Thursday, January 27, 2011

Potter Over Bailey

Well, once again we made it through that time of year when the halls are decked with holly, the five golden bells are pealing, and the elves are waxing the skids so Santa can cruise through the skies, dispensing gifts to all the good little girls and boys. That means it was also time for a thousand re-runs of It’s A Wonderful Life, the Frank Capra film that manages to pull off a Yuletide hat trick by combining capitalism, communalism, and Hollywood hokum to save the day in small town Americana. Only this year it seemed that there was something smudgy around the edges of this particular charm. Americans have come to understand that instead of rescuing Jimmy Stewart’s George Bailey, we have rescued Lionel Barrymore’s Mr. Potter, the epitome of greed who drips venom instead of Christmas cheer.

How did it come to this? Rather than bail out the millions who are suffering foreclosures we bailed out those who perpetrated the fraud that led to the foreclosures. Rather than helping the needy and indigent, we are helping the coddled at the highest ends of the income bracket. Rather then reaching out a helping hand to the homeless, we have reached out a helping hand to those with multiple homes, sometimes so many that, like John McCain, they have lost count of how many they own.

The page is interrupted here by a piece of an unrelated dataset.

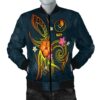 YAP Polynesian Men's Bomber Jacket - Legend of YAP (Blue) - BN15 Bomber Jacket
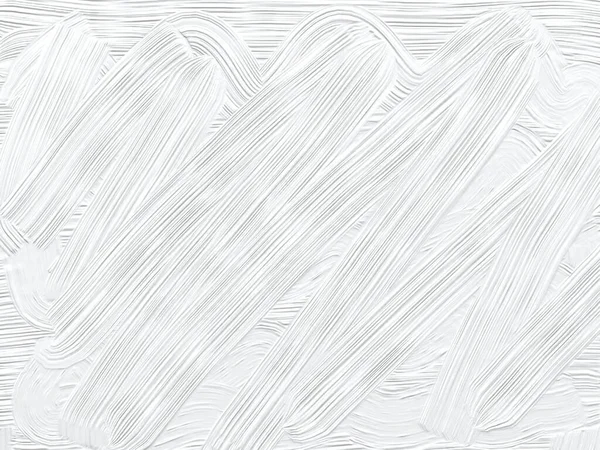 White Paint Texture Background Brush Strokes — Stock Photo, Image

We have been told by the wise sages of the economy that we had to rescue capitalism, that Wall Street would have imploded if we had not lent it a cool trillion, that those receiving taxpayer funds were deeply sorry about their financial transgressions, and that the mistakes of the past would be rectified once the money was handed over.

But doesn’t it seem a little odd that hardly any of the bullish free-marketers have acknowledged that something went drastically wrong with their foolproof system? Isn’t it true that those who most earnestly believe in the power and glory of the private sector to solve any and every problem are still acting as if the public has no right to meddle in their affairs?

Consider the following quotation from FDR inscribed on the Roosevelt Monument in Washington, D.C: “The test of our progress is not whether we add more to the abundance of those who have much; it is whether we provide enough for those who have too little." We seemed to have flipped this credo over during the last thirty years, continually succumbing to an odd urge to ensure that the rich get richer and the poor poorer. We have waged wars while cutting taxes, an untenable economic feat completely unprecedented in its degree of foolhardiness. That such profligacy would lead to huge deficits is hardly shocking; what’s shocking is that it was done in the first place. As President Clinton once admitted, the only sacrifice the wealthy were asked to make for the war effort was to open up envelopes with their tax refunds stuck inside.

Meanwhile, the middle class is crumbling and the poor are being blissfully ignored, just as their numbers increase to startling proportions. According to the U.S. Census Bureau, the poverty rate for children under 18 rose from 19.0 percent to 20.7 percent in 2009, while the total number of people living in poverty stood at 43.6 million, the largest number in the 51 years that such an estimate has been published by the Bureau. Yet the poor have no funds to pour into the coffers of our politicians so, while they may be pitied, nothing is done to ameliorate their condition.

Bank profits are soaring. According to the Federal Deposit Insurance Corporation, net income for banks went from $3.2.billion during the first nine months of 2009 to $53.6 billion in 2010. During the same period, millions of Americans lost their homes through foreclosure. Potter is gleeful. And we seem intent on giving him even more. Meanwhile, George Bailey seems to have disappeared. Or maybe he fled, having realized that America is no place for him, not with its citizens intent on rewarding Potter over and over again while sending his borrowers out into the cold.